Provided material below:

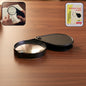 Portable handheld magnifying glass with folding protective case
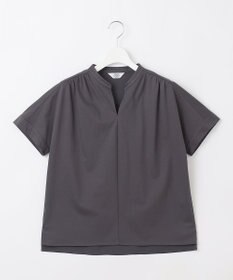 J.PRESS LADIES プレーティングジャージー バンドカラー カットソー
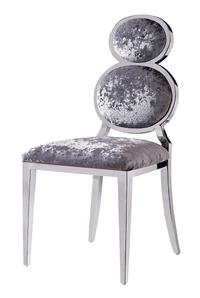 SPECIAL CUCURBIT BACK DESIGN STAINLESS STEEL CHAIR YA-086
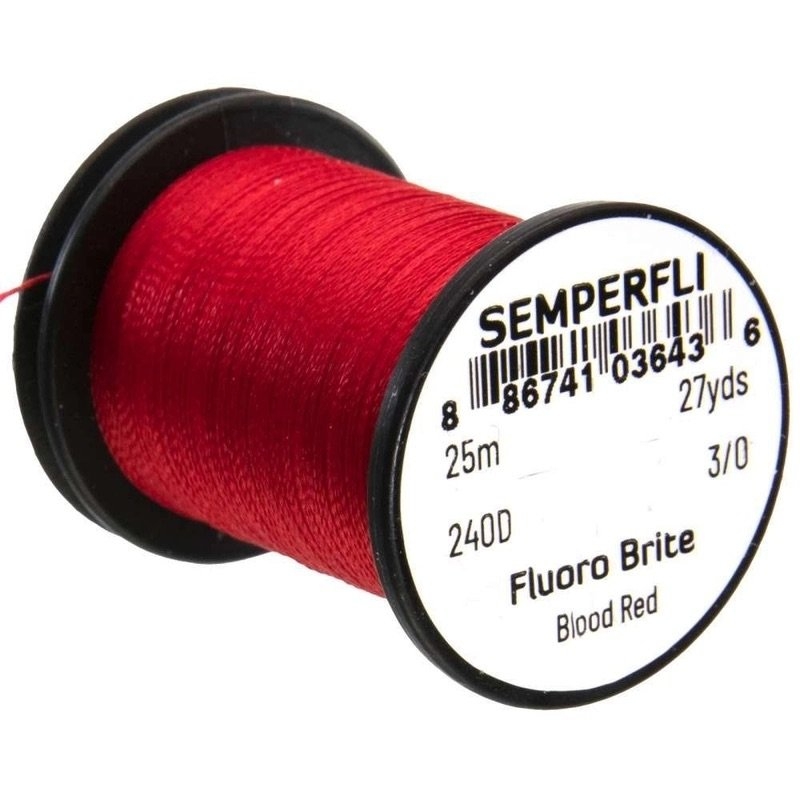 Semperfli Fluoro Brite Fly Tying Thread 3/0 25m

End of Provided material.
Provided material below:

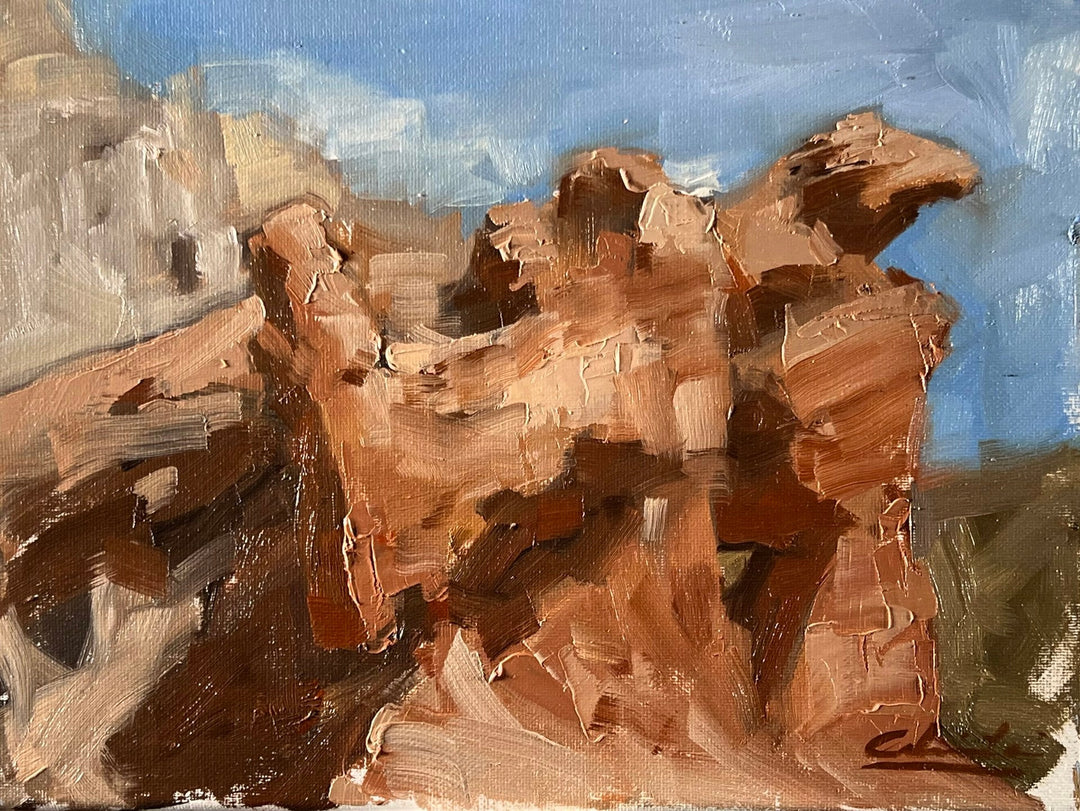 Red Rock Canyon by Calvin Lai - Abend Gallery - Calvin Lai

End of Provided material.
Provided material below:

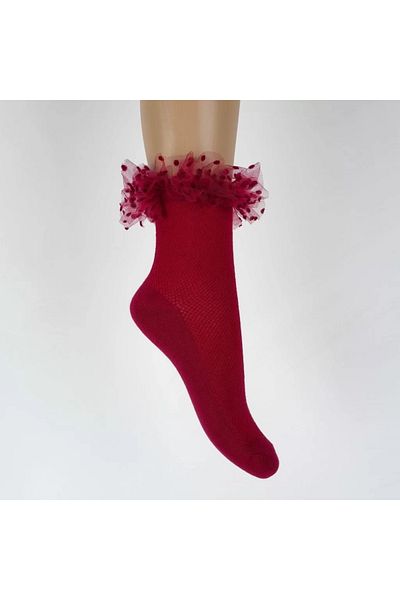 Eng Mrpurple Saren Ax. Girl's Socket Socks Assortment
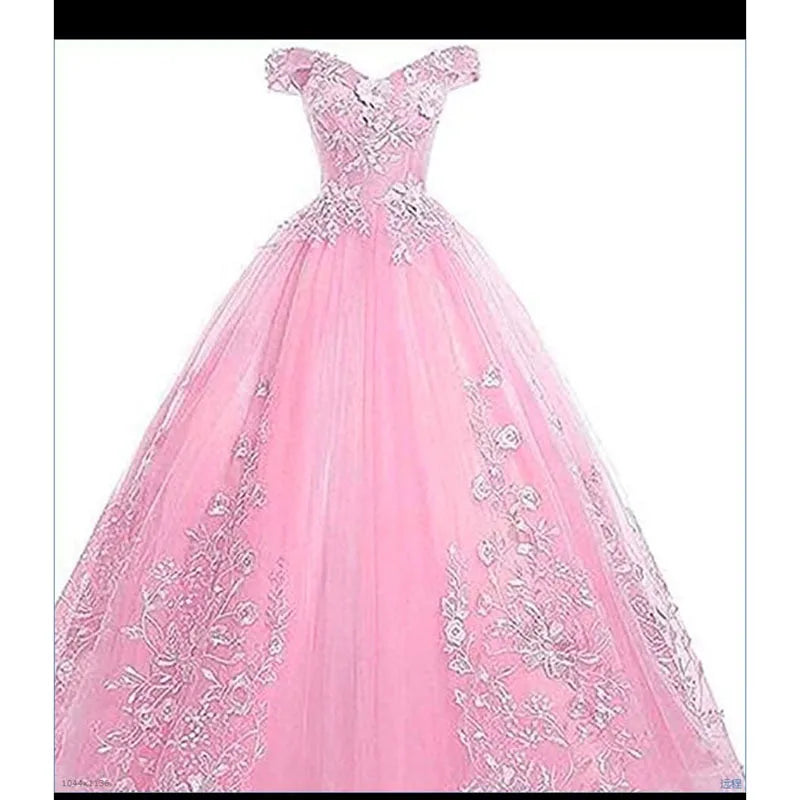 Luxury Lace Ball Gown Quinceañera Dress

End of Provided material.

* **Your goal**:
Retype the lines above exactly as they appear, from the line containing "Portable handheld magnifying" through the line containing "Semperfli Fluoro Brite", and leave out any pictures.

* **Response box**:
 Portable handheld magnifying glass with folding protective case
 J.PRESS LADIES プレーティングジャージー バンドカラー カットソー
 SPECIAL CUCURBIT BACK DESIGN STAINLESS STEEL CHAIR YA-086
 Semperfli Fluoro Brite Fly Tying Thread 3/0 25m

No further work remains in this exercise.